• Exercise directions
Once you find the line with "火影：从挽救木叶白牙开始" in the listing below, set down exactly every line from it through the line with "外观更有范儿了！2021款捷豹XFL这次能否重塑豪华品牌形象？图片", but no pictures.

• Data section
· · · ·

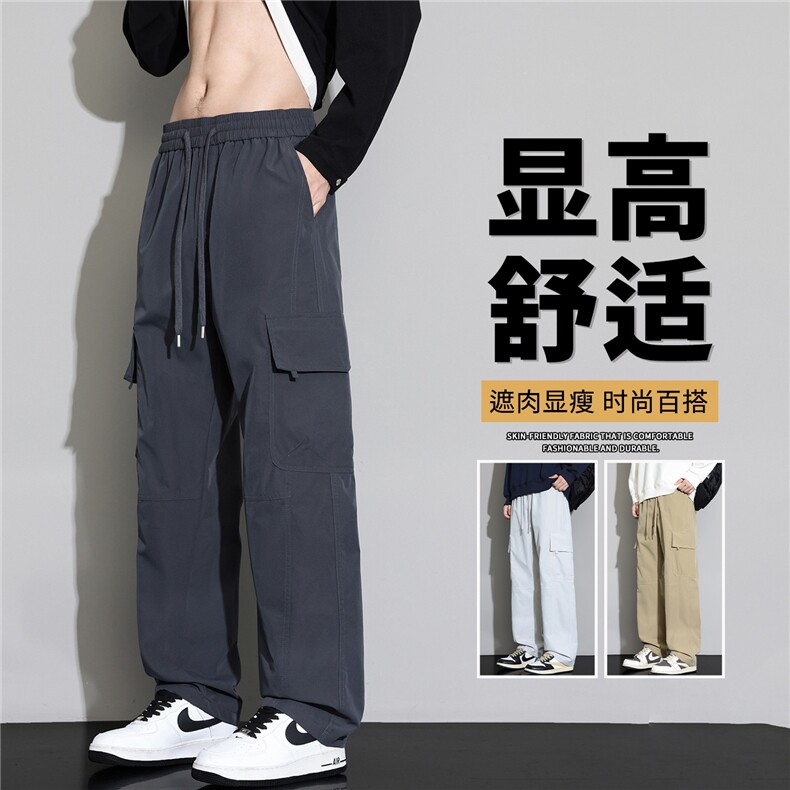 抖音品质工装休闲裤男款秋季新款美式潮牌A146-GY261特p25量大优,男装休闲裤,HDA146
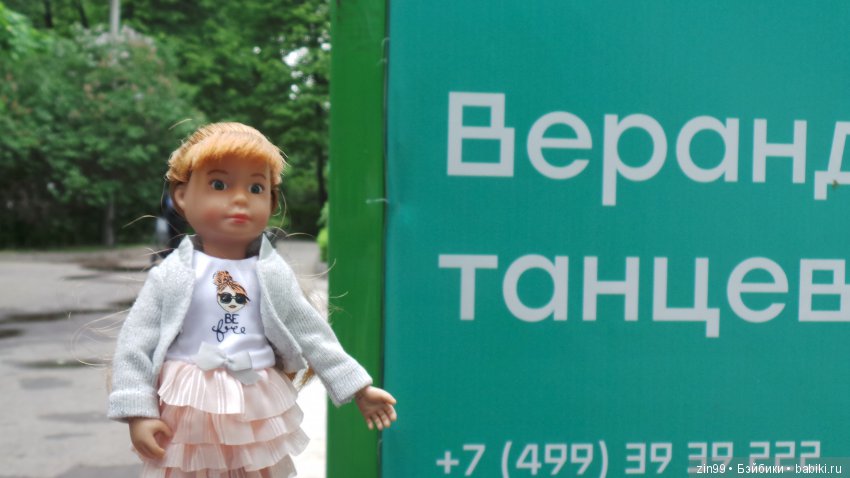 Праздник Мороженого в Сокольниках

· · · ·

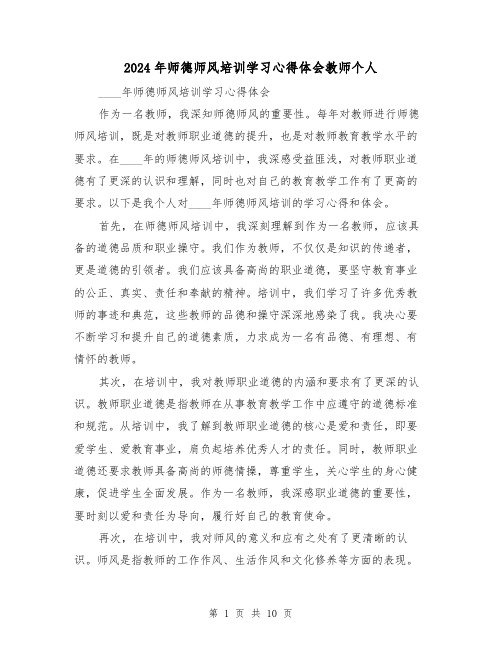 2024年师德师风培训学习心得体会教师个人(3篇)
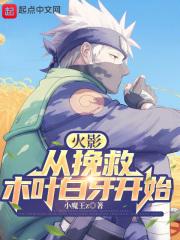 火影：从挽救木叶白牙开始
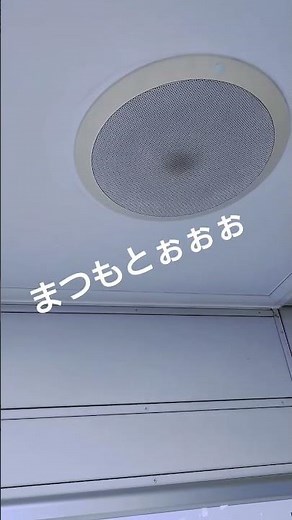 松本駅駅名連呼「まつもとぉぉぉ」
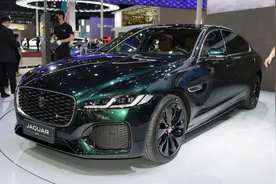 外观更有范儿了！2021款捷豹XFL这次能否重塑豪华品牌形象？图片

· · · ·

• Solved problem
 火影：从挽救木叶白牙开始
 松本駅駅名連呼「まつもとぉぉぉ」
 外观更有范儿了！2021款捷豹XFL这次能否重塑豪华品牌形象？图片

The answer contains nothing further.